J’ai toujours pensé que j’étais née avec une bonne décennie de retard dans la vie. Et sincèrement, en ce qui concerne l’enseignement spécialisé, cela s’avère à mon sens très exact. J’ai rapidement senti au cours de la formation que mes valeurs et ma posture professionnelle n’étaient plus vraiment en adéquation avec ce vers quoi tendaient les enseignements de la nouvelle mouture de formation. Je suis un peu « à l’ancienne » je crois. Et j’y tiens farouchement lorsqu’il s’agit de ne pas prendre des vessies pour des lanternes. Ou alors c’est peut-être que je fais partie de celles et ceux qui enseignent et accompagnent avec tout ce qu’ils sont, bien au-delà des outils et des gadgets. 
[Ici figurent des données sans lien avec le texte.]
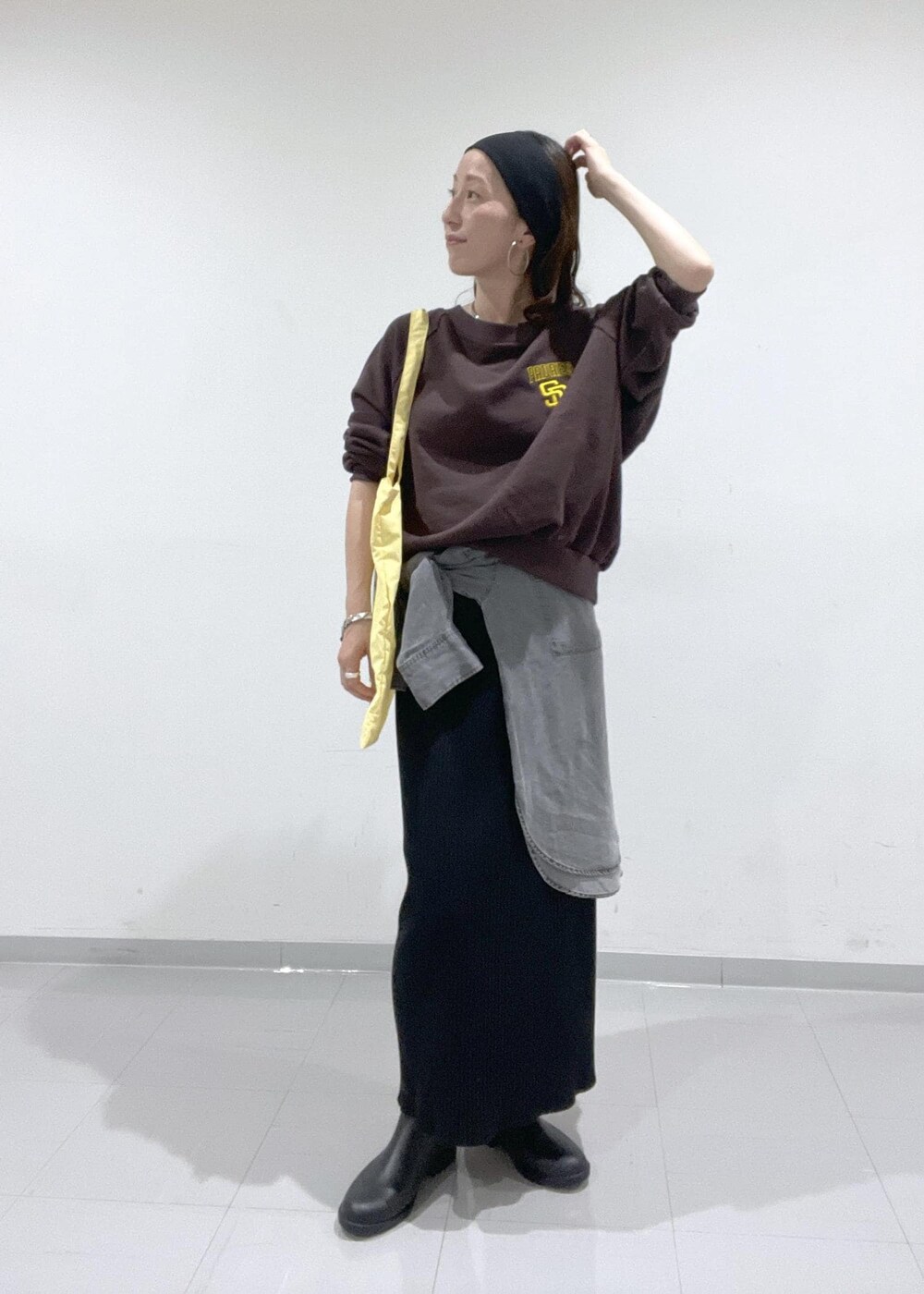 ブラック系のレインシューズ、グレー系のシャツ/ブラウス、ブラック系のスカートを着用したレディースの秋コーディネートの2枚目の写真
Il est long, le chemin, pour prendre conscience que ce qu’il s’est passé n’est pas normal. Quand un inspecteur est maltraitant envers une enseignante devant deux autres hiérarchiques qui ne trouvent rien à redire, ce n’est pas si évident de se sentir légitime à en souffrir. Quand ton travail de recherche est loué par ta formatrice et ton tuteur, que ta pratique est approuvée par tes collègues de terrain, et que le tout est ensuite dénigré lors de l’examen, ce n’est pas facile de s’y retrouver. En psychiatrie, appliqué à une personne, on appellerait sûrement ce type de comportement « pervers narcissique ». Là, il ne s’agit pas d’une personne, mais d’un système. 
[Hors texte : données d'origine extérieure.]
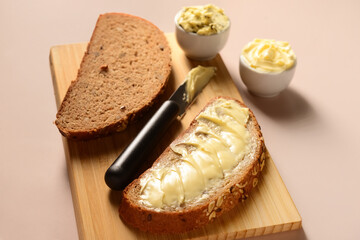 Wooden board with bread slices and bowls of fresh butter on brown background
Concernant ce fameux inspecteur maltraitant, nous devons savoir que c’est loin d’être la première fois que cela se produit. Une collègue a réussi à se mettre « en mode lionne » pour lui faire face lors de sa session d’examen. Précisions qu’il dure 4h-4h30 de pratique et d’oral, cet examen. C’est une force de la nature, ma copine. Dans mon école, une autre collègue est passée devant lui, non pas pour l’examen, mais au tout début de la démarche : pour l’entretien d’admission en formation. Résultat : 3 jours d’arrêt et encore les larmes aux yeux quand elle m'en parlait des mois plus tard. Dans une autre de mes écoles, il a aussi animé une grande réunion à propos d’une « situation d’urgence ». Une équipe terrassée, deux enseignant.e.s en pleurs. Ma collègue chevronnée d’une compétence rare avait préparé sa prise de parole pendant plusieurs jours auparavant : elle était quasiment en état de choc à la sortie, épuisée, après lui avoir vaillamment et très professionnellement tenu tête.  

Ce sont trois exemples de mon entourage direct, survenus en deux ans. Je ne citerai pas les témoignages par intermédiaires. Mais comme on dit aujourd’hui, « # pas de vagues »! J’ai entendu de la bouche d’une formatrice que cette personne était peut-être bien Asperger, ce qui tendrait à expliquer son manque total d’empathie selon elle. Alors là, j’avoue que c’est la cerise sur le gâteau! Ce monsieur traumatise tout le monde impunément et il faudrait encore que l’on ne dise rien car il serait peut-être Asperger! Heu…jusqu’à preuve du contraire, la perversion n’est pas un signe clinique de l’autisme, non? Si tel est le cas, ou plutôt si les manifestations de son trouble en font un danger pour ses collaborateurs, il aurait été bienvenu de lui proposer un poste où il puisse s’épanouir sans détruire les autres. 

Mais ça, ce serait dans un monde où l’on saurait trouver la mesure de toute chose. Dans un monde où les particularités de chacun seraient prises en compte dans le respect de tous. Dans ce monde-là, qui est le nôtre en général et celui de l’Abnégation Nationale en particulier, on avance à marche forcée en fermant les yeux sur la violence. 

Elle est belle, n’est-ce pas, notre « École Inclusive »?